Je peux dire que ma famille a vécu la fin de ce rêve
puisque, de toute la génération d'étudiants qui correspond à la génération
d'après Oncle Vania, seule ma
grand-tante a survécu, et encore ma mère est-elle née en Sibérie, alors que ma
grand-mère était en relégation, comme des centaines de milliers d'autres
intellectuels, aussi innocents qu'elle…
La présence de Tchekhov pour moi, c'est la présence de
la langue perdue, du russe d'avant la Révolution et des valeurs, des espoirs,
de la vie qu'il portait. J'entends cette langue comme celle d'avant un séisme
et ce séisme y est déjà présent. Tchekhov le perçoit avec une prescience qui
serre le cœur.

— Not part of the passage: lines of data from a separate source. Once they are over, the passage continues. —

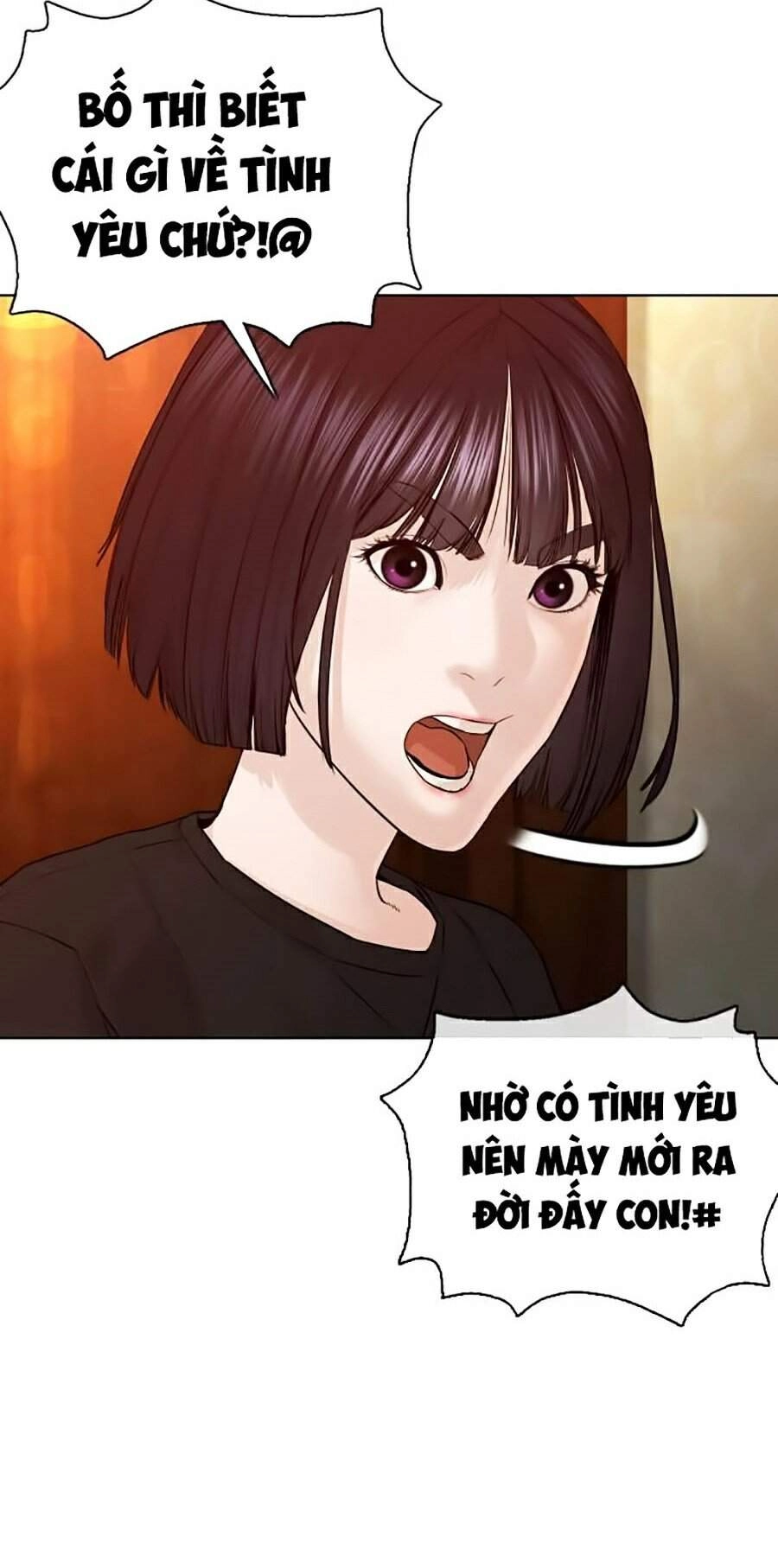 Cách Chiến Thắng Trận Đấu Chapter 104 - 88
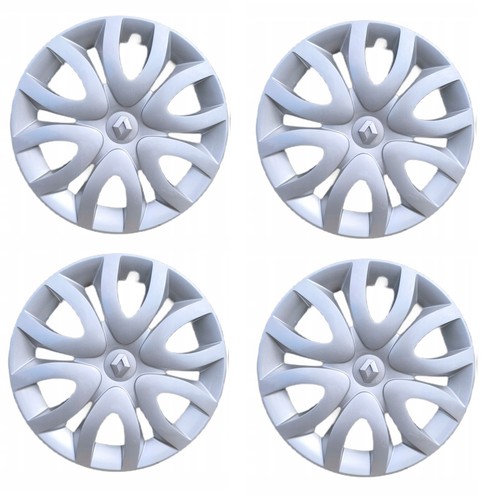 Set original enjoliveur de - set,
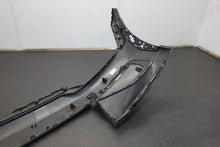 Load image into Gallery viewer, KIA EV6 GT Line FRONT BUMPER Electric GENUINE Used Part pn 86511-CV200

Chaque phrase, banale, on ne peut plus banale (en cela réside
son art) contient un gouffre. Mais comment faire sentir en français justement
ce qui n'est pas dit, et ce qui ne doit surtout pas être dit ? Un indice,
un tout petit indice, donne soudain le sentiment que l'on côtoie un abîme, et
cet indice n'est jamais perçu que comme une infime distorsion dans un ensemble.

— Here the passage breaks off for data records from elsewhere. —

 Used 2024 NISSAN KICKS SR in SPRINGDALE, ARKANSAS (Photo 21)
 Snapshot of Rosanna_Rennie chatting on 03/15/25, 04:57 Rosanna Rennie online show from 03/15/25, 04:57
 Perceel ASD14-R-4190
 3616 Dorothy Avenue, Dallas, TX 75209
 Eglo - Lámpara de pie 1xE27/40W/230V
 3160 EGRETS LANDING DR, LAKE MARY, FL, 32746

J'aurais très bien pu traduire tout seul le théâtre de
Tchekhov puisque je comprends ce qu'il dit, et que, finalement, on ne me
demandait que de donner un équivalent français à des phrases russes. Je sais
d'ailleurs que j'aurais apporté à cette traduction quelque chose qui,
certainement, jusqu'alors faisait défaut aux traductions françaises, la
perception du non-dit, une sorte de relation immédiate à l'arrière-fond du
texte. Je n'y ai aucun mérite : par le hasard du sort, ce que je perçois
dans ma langue maternelle se traduit dans ma langue paternelle avec une
intensité émotive à peu près comparable. Ça ne se traduit pas, ça se transpose.
Finalement, j'aurais pu traduire tout le théâtre de Tchekhov en trois ou quatre
mois, juste le temps de taper et de relire. C'est d'ailleurs comme ça que j'ai
traduit Platonov, en 1990, quand Georges Lavaudant me l'a demandé — et ma
traduction, qui était très défectueuse, a été encensée… Sauf que, par une
chance incroyable, lors de la lecture à la table, puis au cours des
répétitions, grâce à la présence d'un metteur en scène et de comédiens
exceptionnels, j'ai compris que je n'avais rien compris. Et, autre chance
incroyable, j'avais, avec Françoise Morvan, qui avait relu cette traduction,
quelqu'un qui avait à la fois la même expérience de langue perdue,
et qui avait ce qui me manquait à l'arrivée : la possibilité de mobiliser
immédiatement la présence en soi de plusieurs registres vécus de l'intérieur,
des possibilités tellement évidentes qu'elles sont invisibles, et que, bien
sûr, on n'y pense pas…
Ma langue paternelle est le français, j'ai fait des
études de lettres, je possède bien cette langue, comme on dit, et pourtant il
me manque ce qui fait la vie d'une langue vécue depuis plusieurs générations,
ces petites phrases, ces mots qu'on ne dit plus, même si, bien sûr, on les
connaît, et les noms de plantes ou d'oiseaux qui sont employés par Tchekhov
parce qu'ils disent à eux seuls tout un paysage, une saison, une lumière… et
que, bien sûr, quand on est élevé en banlieue on peut connaître aussi, mais abstraitement.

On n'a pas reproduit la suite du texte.